EXERCISE MATERIALS -
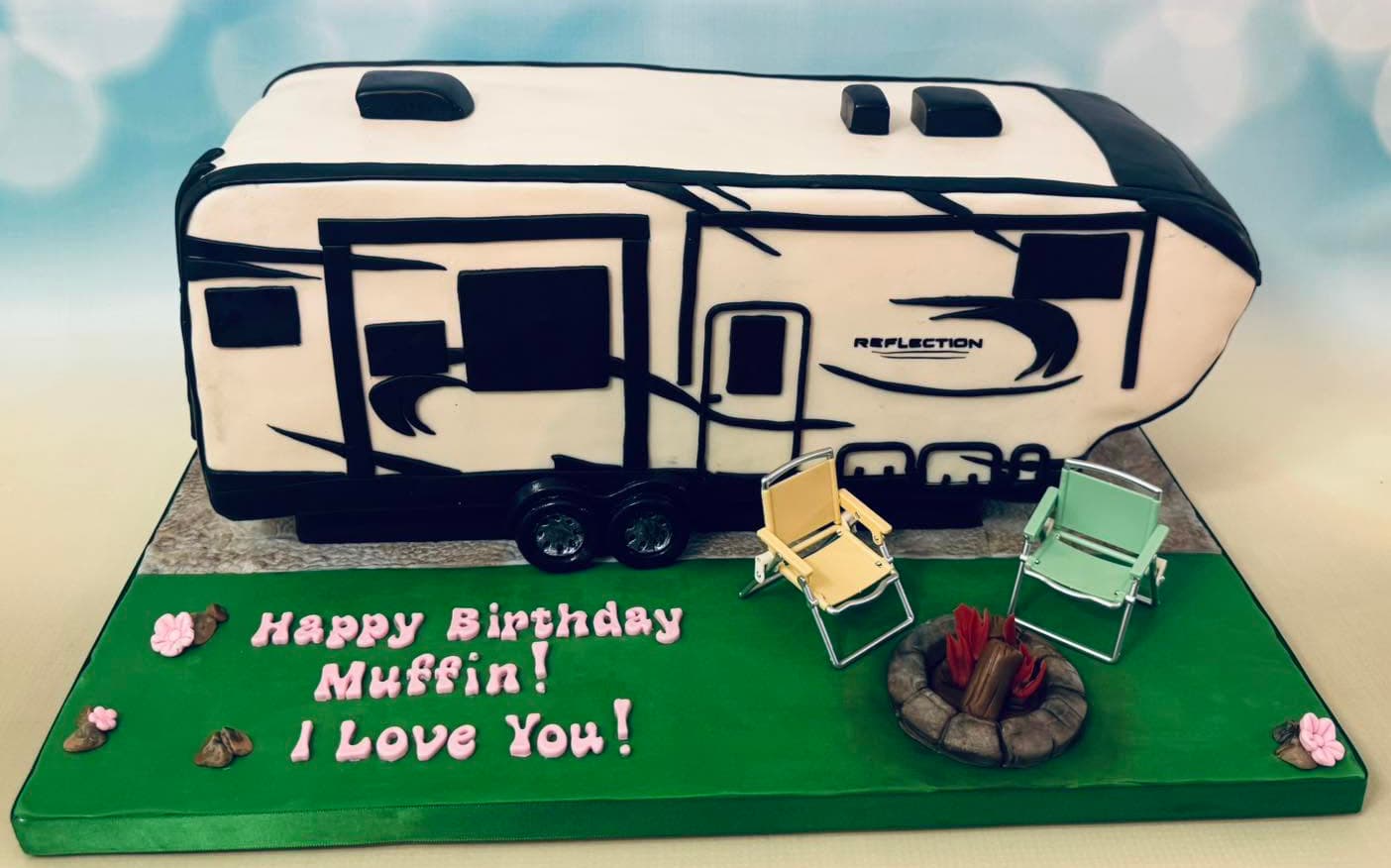 RV camping themed birthday cake with camper and campsite details by Sweet Cakes by Kristen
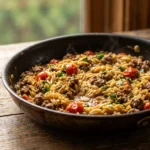 One-Pot Ground Beef and Orzo with Garlic and Parmesan | Easy Weeknight Dinner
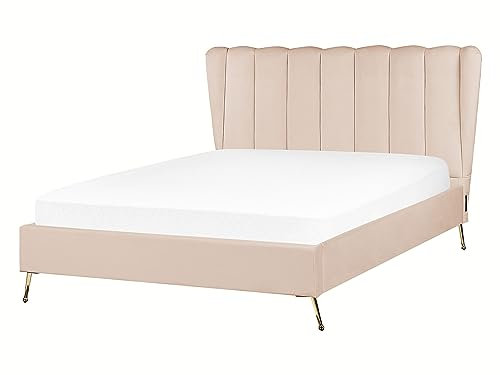 Beliani Polsterbett Samtstoff beige mit USB-Anschluss goldene Beine 140x200 cm MIRIBEL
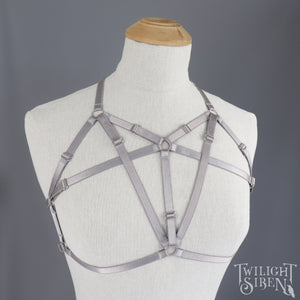TALIA BODY HARNESS BRALET GREY SILVER
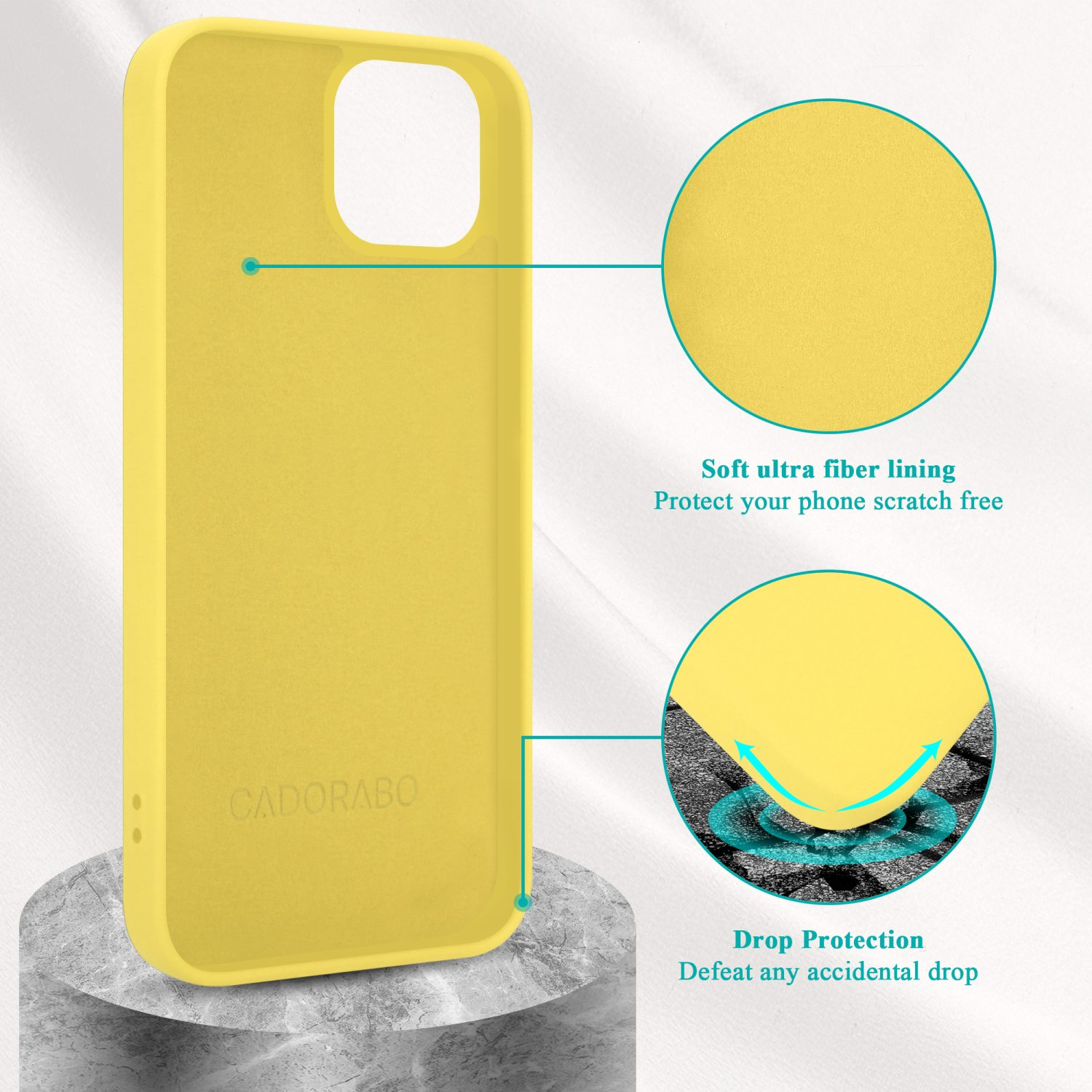 Backcover, GELB iPhone CADORABO LIQUID Hülle 14 Silicone im PLUS, Style, Case Apple, Liquid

TASK DETAILS - Exactly the lines from the one containing "TALIA BODY HARNESS BRALET GREY SILVER" through the end of the data above: repeat those, both ends included, and nothing else. Skip the pictures.

PROBLEM SOLUTION -
TALIA BODY HARNESS BRALET GREY SILVER
 Backcover, GELB iPhone CADORABO LIQUID Hülle 14 Silicone im PLUS, Style, Case Apple, Liquid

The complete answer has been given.